Notes on this chapter.

This is Chapter 5 of my new book, Be Kind Rewind. I am feeling brave on this one, hopefully not dark brave, but creative brave.

The first four chapters explore how we learn through friction. Chapter 1 was the body. Chapter 2 was our patience and our minds. Chapter 3 was our environment. Chapter 4 moved into the thing that now shapes most of us, our screens and the tech behind them.

But to understand the screen, I needed to understand the biggest force on it. Social media, where it comes from, and how it reshapes us once we let it in. I also wanted to share a personal experience of loss. Not the loss of a person, but the loss of a connection, a relationship dismantled slowly by what the screen kept feeding into the room. I have called this the Affinity Trade. The never-ending rabbit hole that can quietly reshape your thinking, and eventually your life, if you let it.

This was a hard chapter to write because it involves real people and real lives I love deeply. But if I am not writing about my own life and my own experiences, what am I really writing about?

From past experience writing Lessons in Creativity, my chapters tended to land at around 3,000 words, and a good editor is brilliant at cutting the fluff. I am not as good at adding things back in once they are cut, so I have written this one a little longer than usual, trusting the editing process to find the balance.

I would love your thoughts. Anyone who comments, gives feedback, or shares a story becomes part of this book. You will be in the pages and listed as a co-author in the back when it is published.

I have written nine chapters so far, and this one and the next have been the hardest to release. The pace is different. The subject sits closer to the bone.
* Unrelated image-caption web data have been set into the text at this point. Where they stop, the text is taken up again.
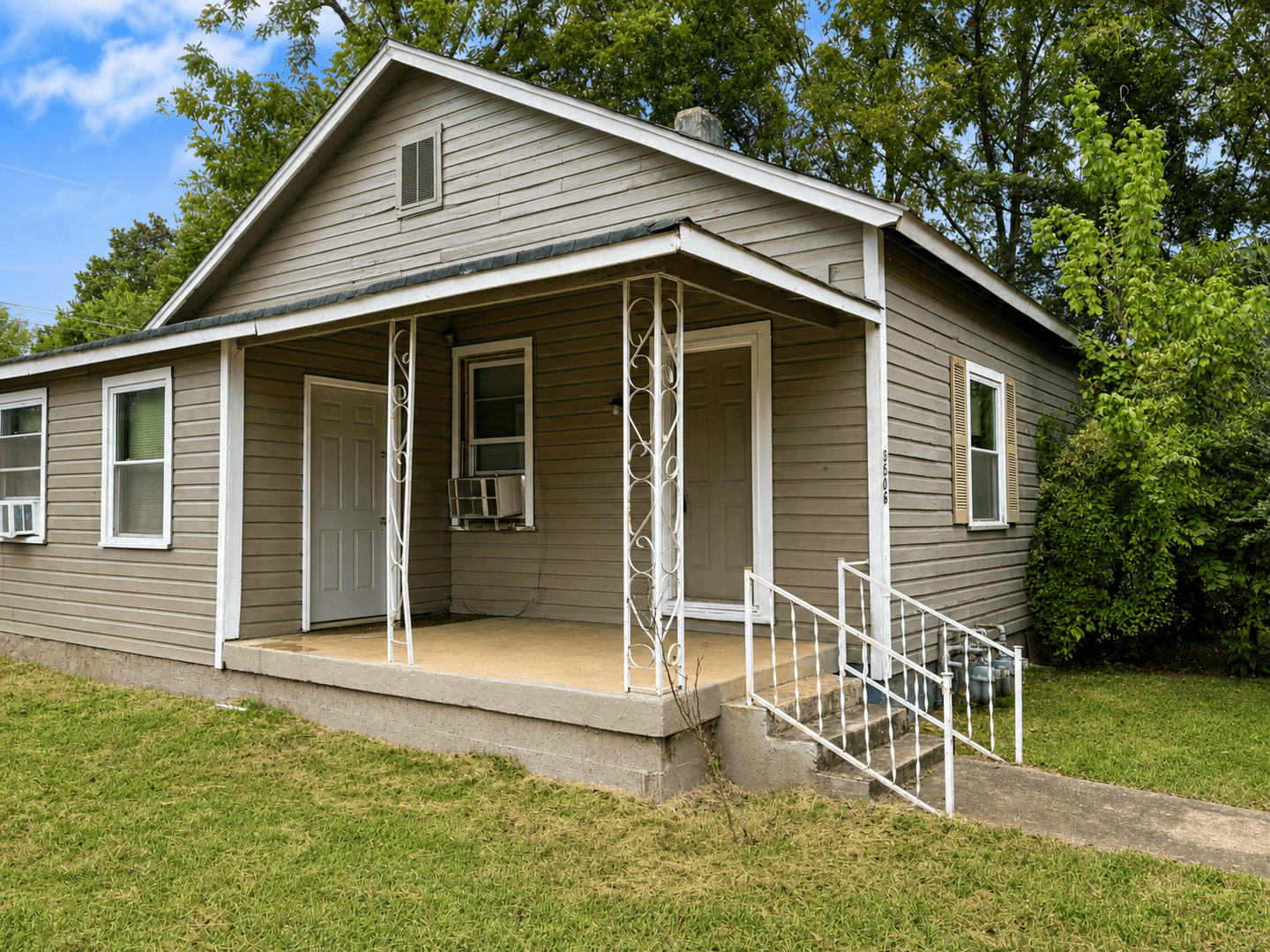 Huntsville House: 3506 Emm Ell St.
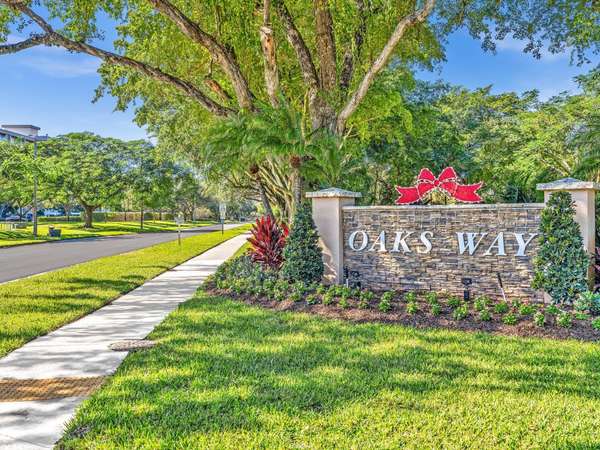 Pompano Beach, FL 33069,3510 Oaks WAY 409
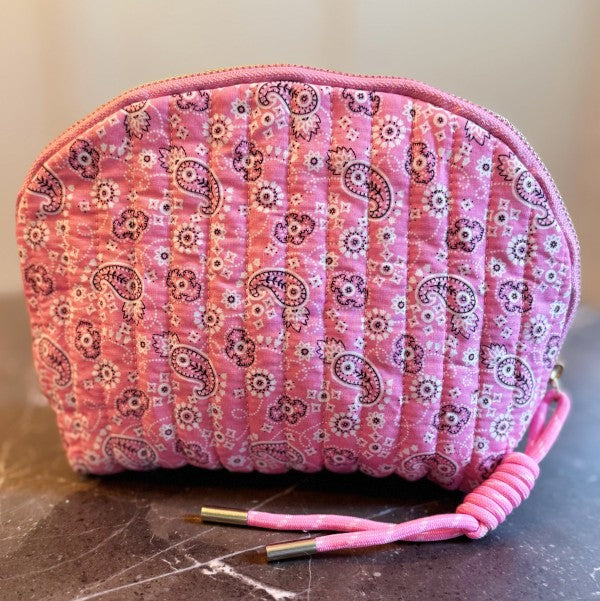 Quilted Paisley Cosmetic Case – Soft Curve Makeup - FamilyClothes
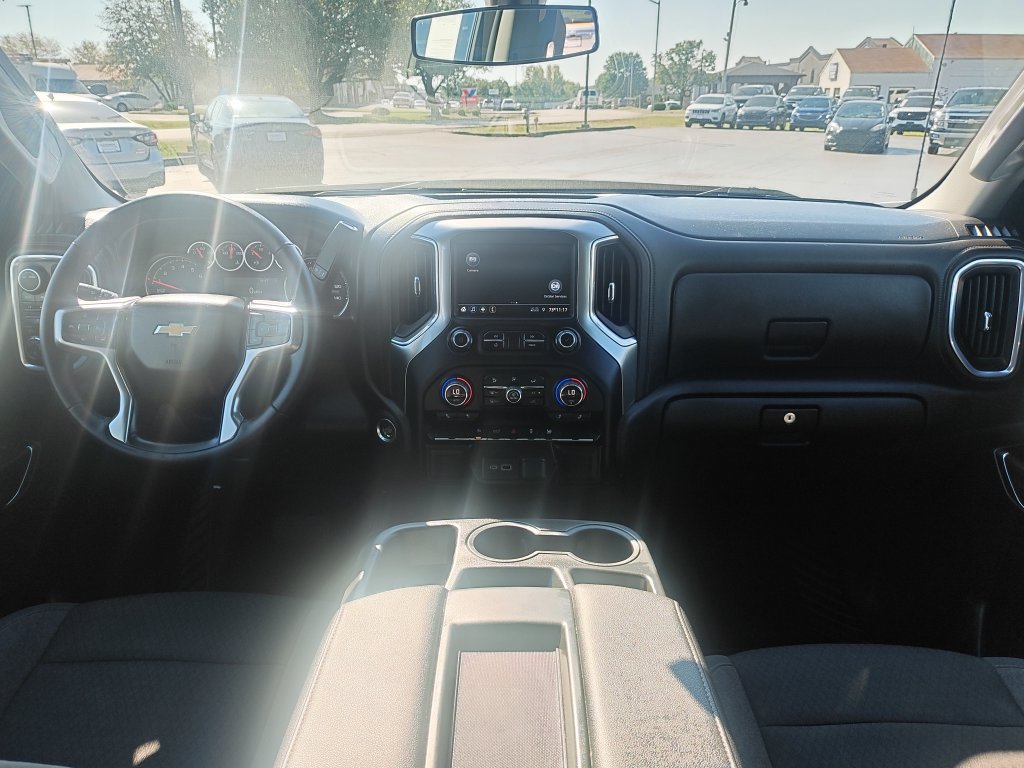Used 2022 Chevrolet Silverado 1500 LT AWD/4WD image 15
I hope it lands as something honest, something insightful, and something inspiring.

Thanks for reading.

Ben

Introduction: Be Kind Rewind Introduction
Ch1: What the Body Knew First
Ch2: Bored to Death!
Ch3: The Places That Shaped Us
Ch4: The Digital Drift

Now, Chapter 5: The Affinity Trade


The Affinity Trade

On a Tuesday morning in 2006, in San Francisco, a young designer named Aza Raskin sits at a screen. At twenty-two, he is the son of Jef Raskin, designer of the original Macintosh interface. Aza grew up in a household where dinner-table talk focused on the relationship between humans and computers. The central question was always: how do we make the machine easier to use and remove friction between the person and what they want to do?

He is working on a problem. It is the kind of small, irritating interface puzzle that fills the working days of people who build software for a living. Users are reaching the bottom of a web page and leaving. There is a “Next Page” button at the bottom that requires a click. That click, that tiny, almost imperceptible moment of decision, is enough of a pause that people are choosing to stop and go somewhere else.

He is not trying to addict anyone. He is a young designer solving the small problem in front of him, making the machine a little more frictionless, a little kinder.

So he writes a small piece of code. When the user reaches the bottom of the page, instead of showing a button, the page automatically loads the next content. The bottom of the page disappears, along with the pause and the moment of decision.

He names it “infinite scroll”, finishes his coffee, pushes back from the desk, and steps into another typical San Francisco Tuesday.

Nobody notices.

Seventeen years after Raskin’s invention, in February 2026, Mark Zuckerberg walks into a Los Angeles courtroom in a dark suit, his expression difficult to read. He takes his seat at the witness stand, folds his hands on the rail, and prepares to explain himself to a jury of twelve ordinary Americans.